----- Provided records -----

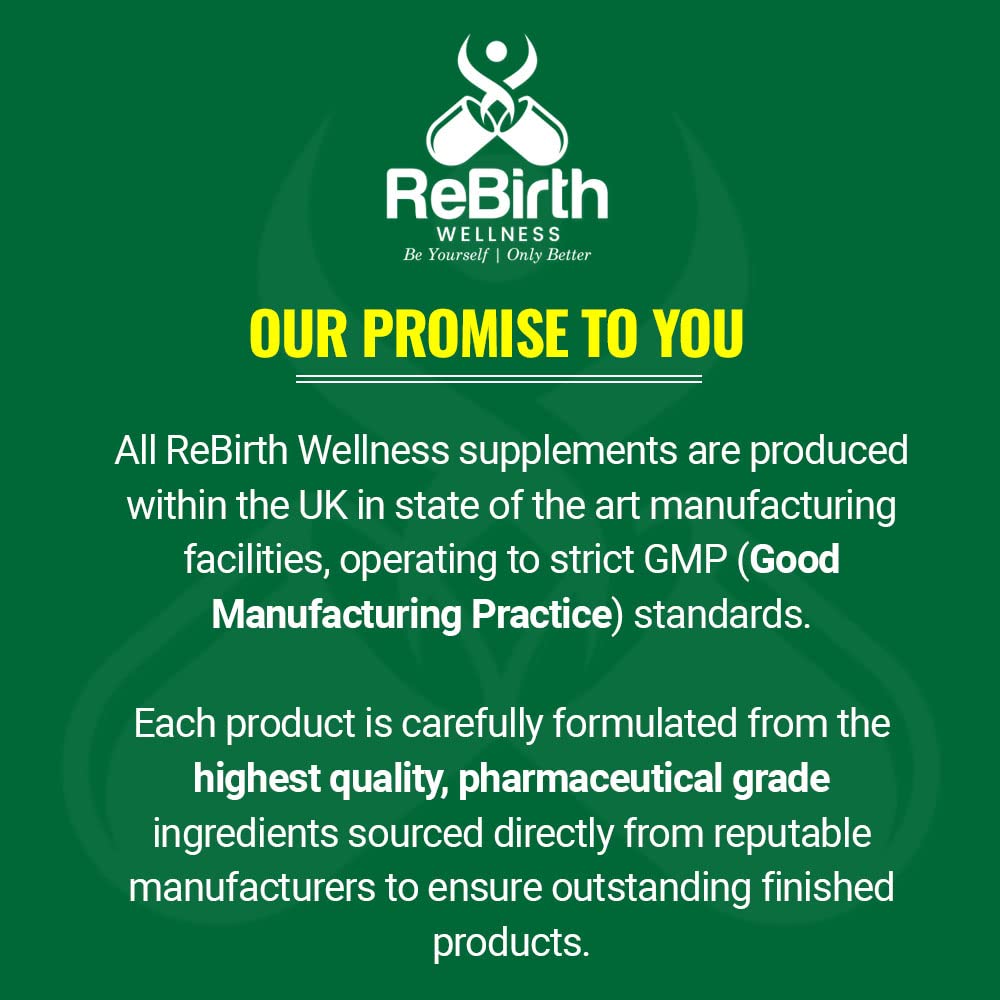 REBIRTH WELLNESS BE YOURSELF | ONLY BETTER Digestive Enzyme Supplements - 120 Tablets for Optimal Gut Health - Contains DigeZyme, Lactase, Protease - Promotes Healthy Digestion, Essential Digestive Enzymes - UK Made, Vegan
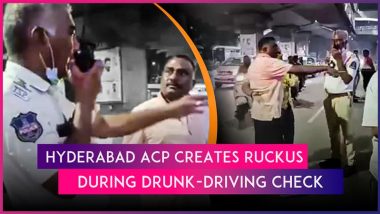 Hyderabad: Traffic ACP Tries To Protect Friends From Breathalyser Test, FIR Registered After Video Goes Viral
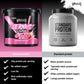 A promotional comparison graphic for Warrior protein powder showing two tubs side by side: a black tub of Serious Protein in Strawberry Milkshake flavor on the left, and a silver/gray tub of Standard Protein whey protein powder on the right. Below the products are feature callouts comparing protein per serving, added sugar, fat, taste, and general protein quality.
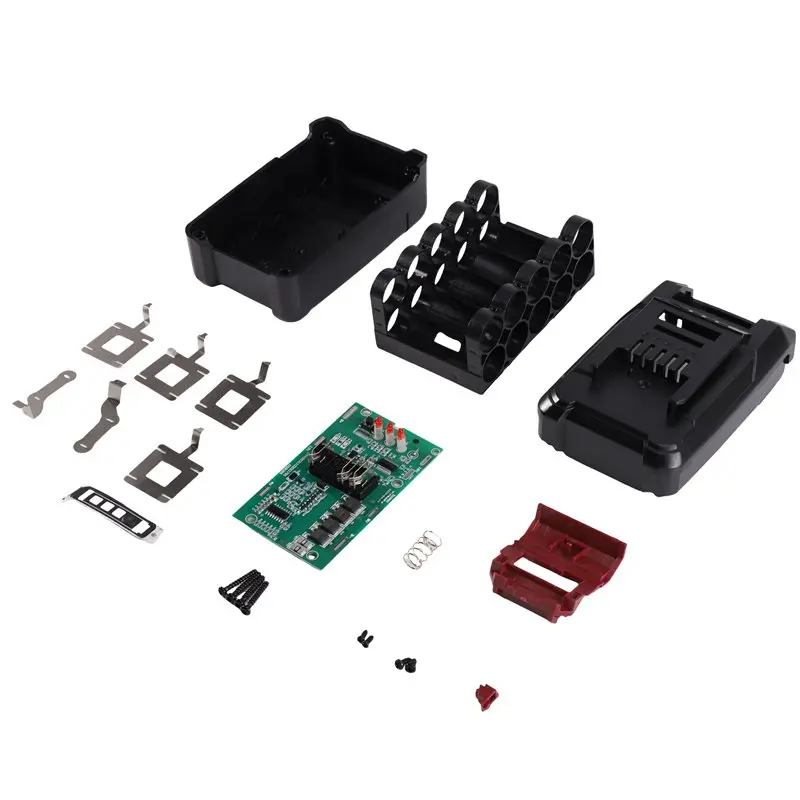 DTA4-10 Cells 18650 Li- Battery Case For 18V Electric Tool Battery Shell Replacement Accessory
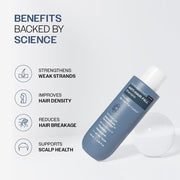 Bare Anatomy Anti-Hair Fall Shampoo | Provides 5x Hair Fall Control | pH 4.6 | Adenosine & Peptides | Strengthens Weak Roots & Reduces Breakage | Sulphate & Paraben Free | Unisex |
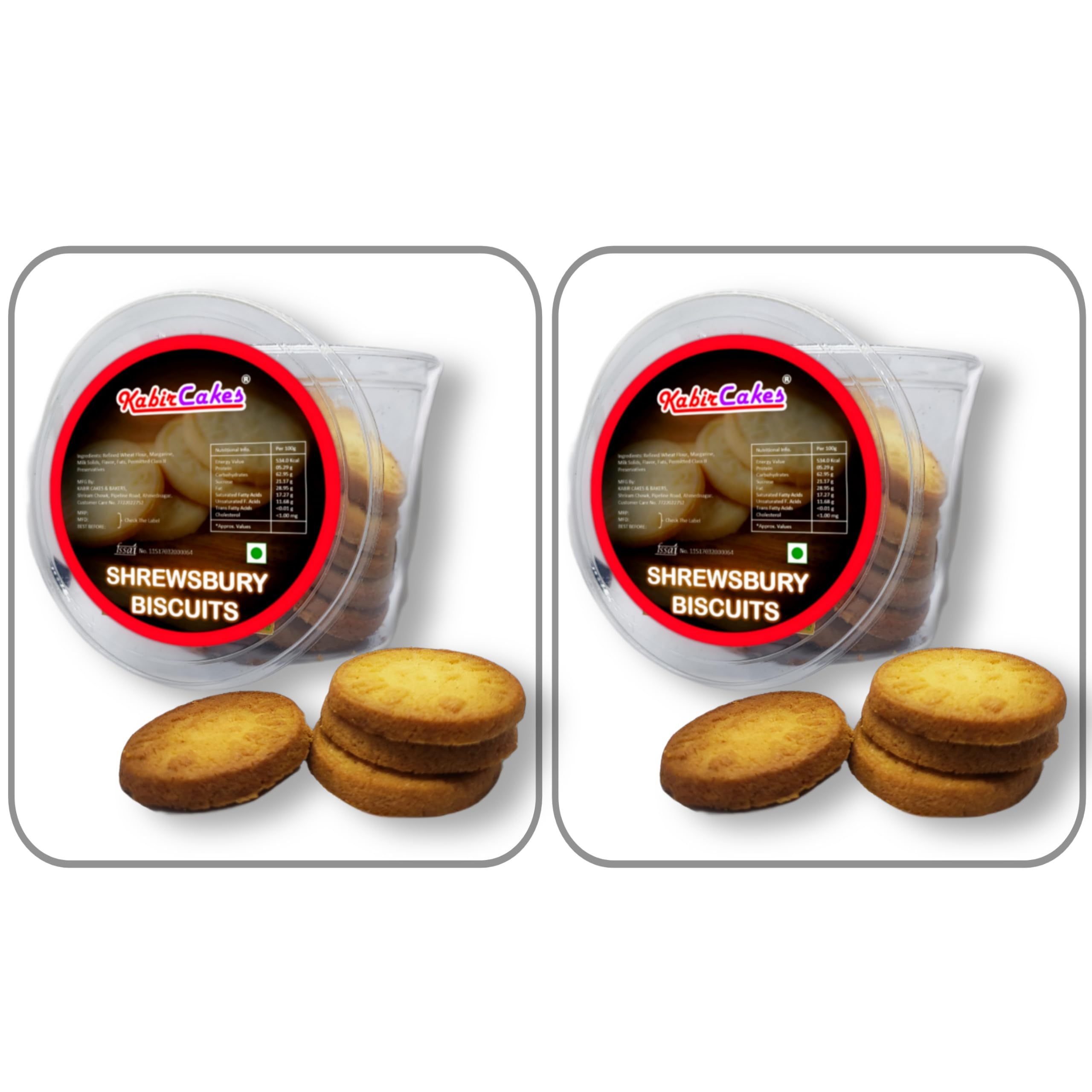 KABIR CAKES Desi Ghee Shrewsbury Biscuits | High Protein Butter Cookies - Shrewsbury | Butter Cookies (Butter, 500GM (Pack Of 2)) (B0CPT5W62Z) Amazon Price History, Amazon Price Tracker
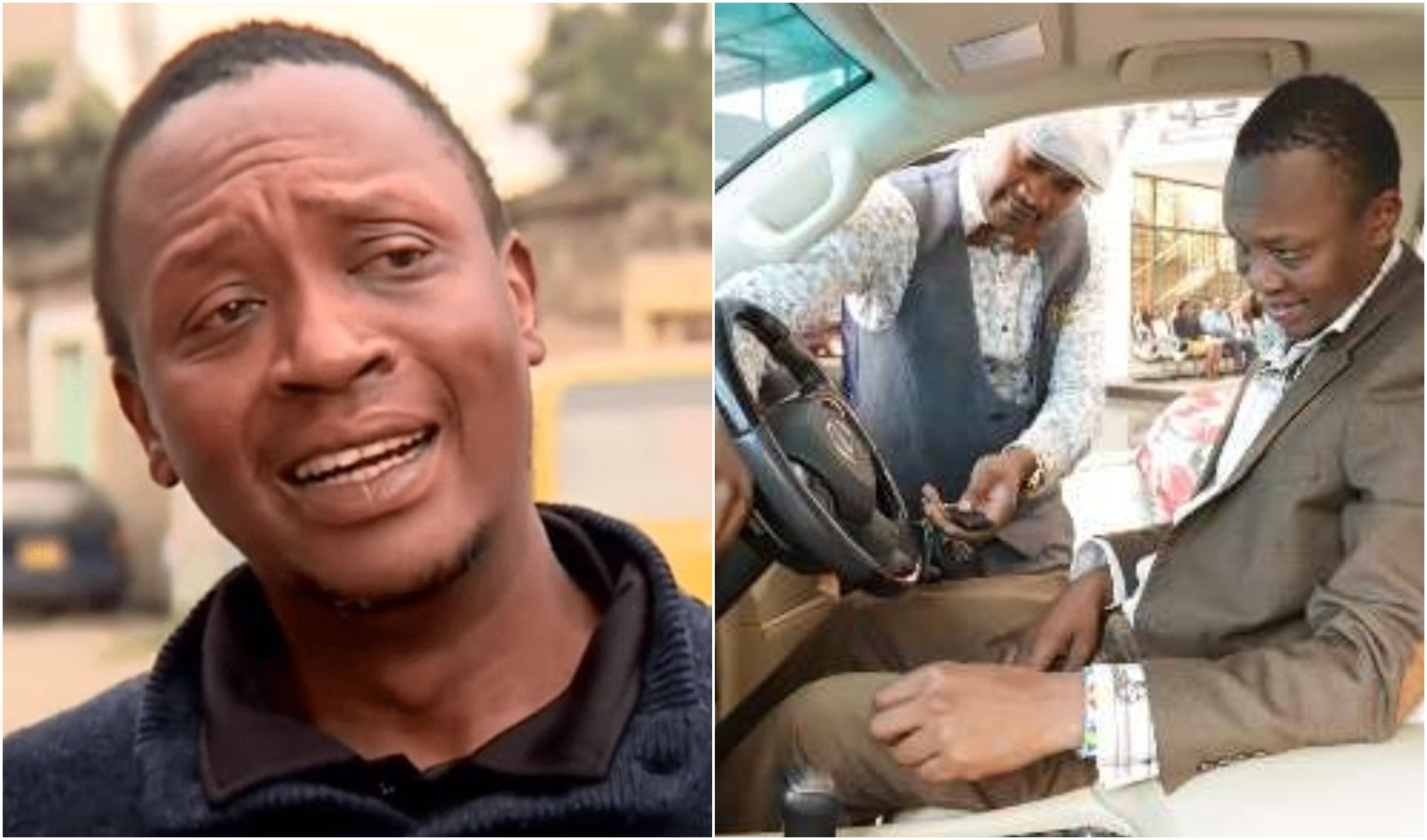 Uhuru’s lookalike speaks after photos of him in KSh15M luxury car went viral (Video)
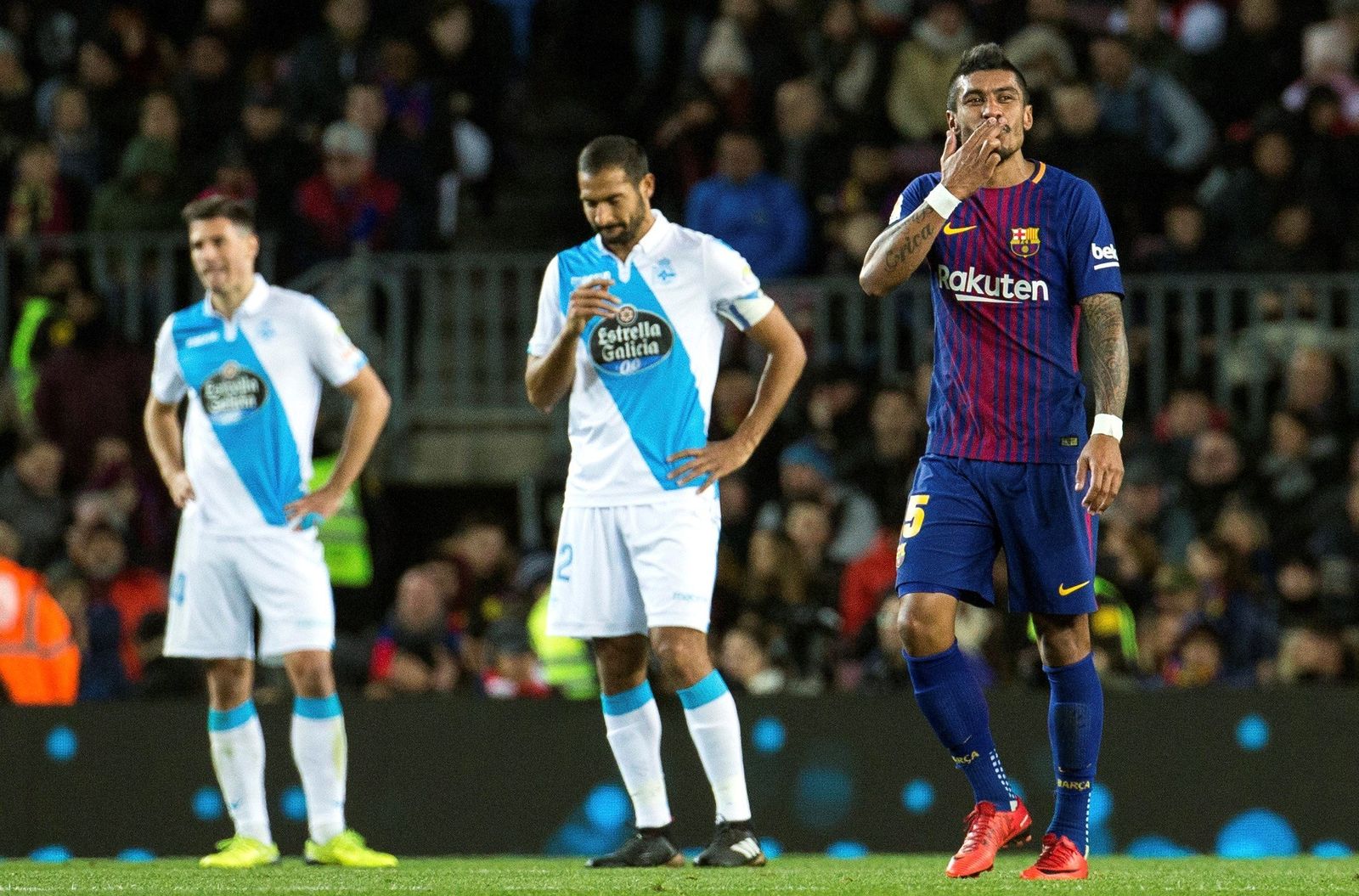 El Barcelona-Deportivo de La Coruña, en imágenes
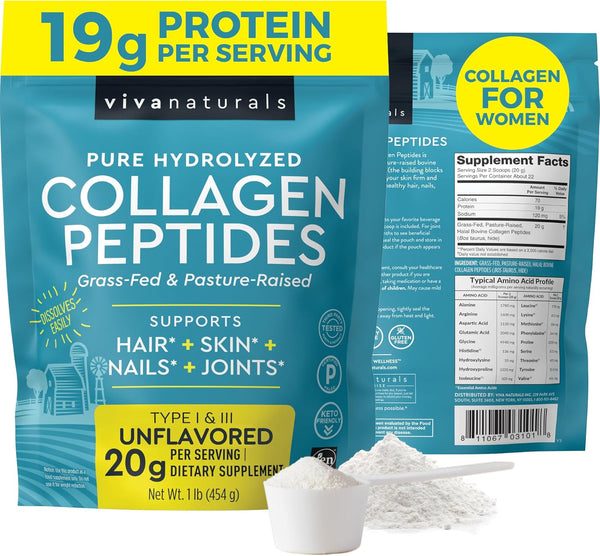 hydrolyzed-collagen-peptides-powder---1-lb-grass-fed-pasture-raised-collagen-for-women-type-i-iii-unflavored-bovine-collagen-powder-for-men-collagen-protein-powder-for-hair-skin-nails-1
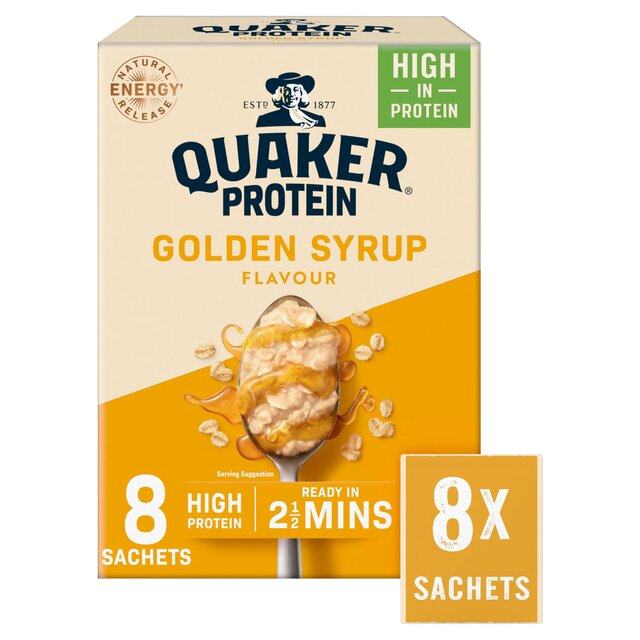 Quaker Oat So Simple Protein Golden Syrup Porridge Sachets Cereal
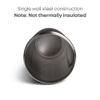Smartshake Rockband Reforce Stainless Steel Protein Shaker Bottle 900 ml | 30 oz - Leakproof Screw-on Lid - BPA Free - Non Insulated  Unisex - Motrhead, Born To Lose Logo on Bottle view 4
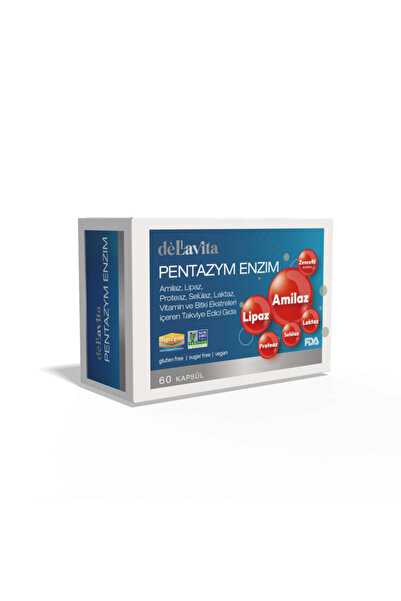 Dellavita Pentazym Enzyme 60 Capsules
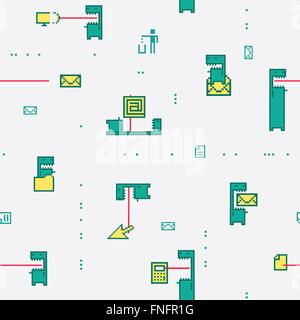 Muster-Computer-Virus Stock Vektor
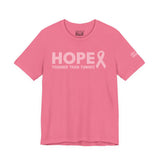 Breast Cancer Awareness T-Shirt – Hope Tougher Than Tumors™ & QUEENS DON’T QUIT™ Unisex Jersey Tee | Inspirational Gift for Survivor, Fighter, or Supporter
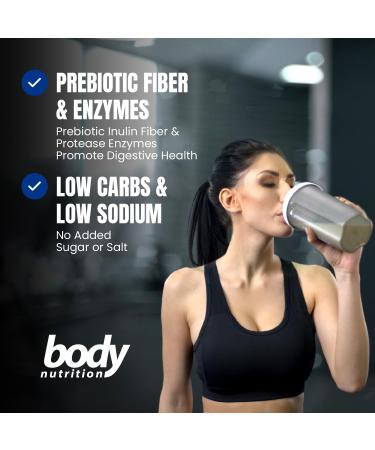 Body Nutrition Trutein High Protein Powder: 45% Whey 45% Casein 10% Egg White Protein Shake Mix Gluten-Free Low Sodium Low Carb Protein Supplement for Men & Women Chocolate Peanut Butter 4lb Chocolate Peanut Butter 4  - Buy Online on GoSupps.com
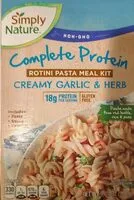 Mängden socker i Complete Protein Rotini Pasta Meal Kit Creamy Garlic and Herb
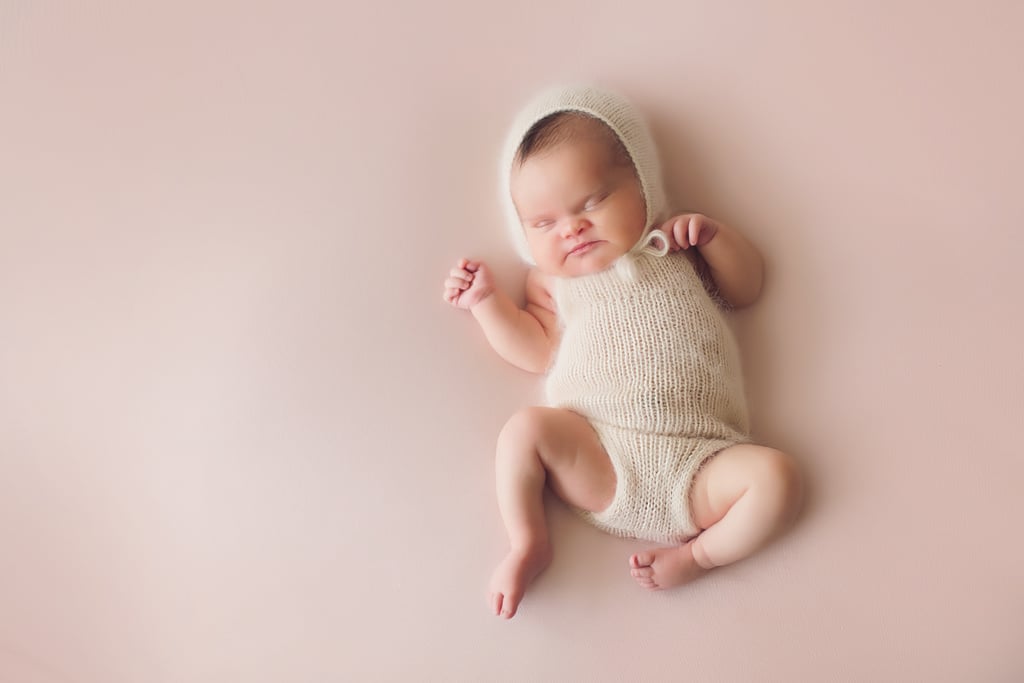Newborn With Inoperable Tumor in Family Photos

-----

### [Exercise brief]
Range to print from the listing above: from the line with "Dellavita Pentazym Enzyme 60 Capsules" up to and including the line with "Mängden socker i". Please print those lines exactly, with no pictures and nothing more.

### [Result of the exercise]
 Dellavita Pentazym Enzyme 60 Capsules
 Muster-Computer-Virus Stock Vektor
 Breast Cancer Awareness T-Shirt – Hope Tougher Than Tumors™ & QUEENS DON’T QUIT™ Unisex Jersey Tee | Inspirational Gift for Survivor, Fighter, or Supporter
 Body Nutrition Trutein High Protein Powder: 45% Whey 45% Casein 10% Egg White Protein Shake Mix Gluten-Free Low Sodium Low Carb Protein Supplement for Men & Women Chocolate Peanut Butter 4lb Chocolate Peanut Butter 4  - Buy Online on GoSupps.com
 Mängden socker i Complete Protein Rotini Pasta Meal Kit Creamy Garlic and Herb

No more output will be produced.